RECORD EXCERPTS:
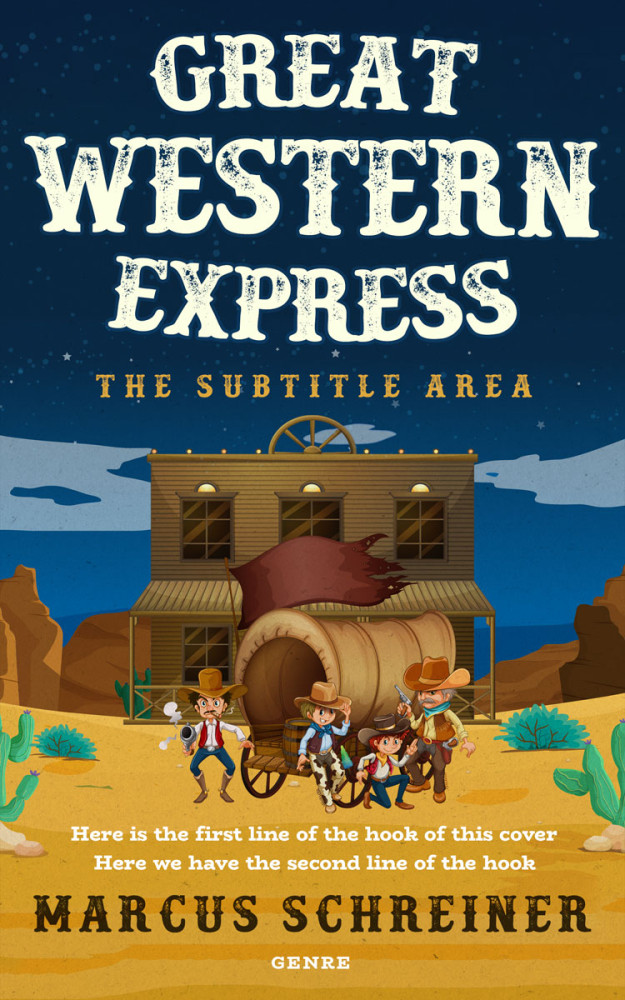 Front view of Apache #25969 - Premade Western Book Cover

* * *

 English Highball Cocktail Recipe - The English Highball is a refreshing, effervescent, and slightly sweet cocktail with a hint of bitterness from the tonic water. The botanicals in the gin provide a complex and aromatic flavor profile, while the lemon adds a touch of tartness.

---

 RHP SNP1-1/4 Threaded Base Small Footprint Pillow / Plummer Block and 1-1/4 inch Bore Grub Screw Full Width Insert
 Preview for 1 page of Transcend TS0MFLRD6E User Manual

WORK ITEM: Retype the portion of the data above that starts on the line with "RHP SNP1-1/4 Threaded" and finishes on the line with "Preview for 1", including both of those lines.

YOUR SOLUTION:
 RHP SNP1-1/4 Threaded Base Small Footprint Pillow / Plummer Block and 1-1/4 inch Bore Grub Screw Full Width Insert
 Preview for 1 page of Transcend TS0MFLRD6E User Manual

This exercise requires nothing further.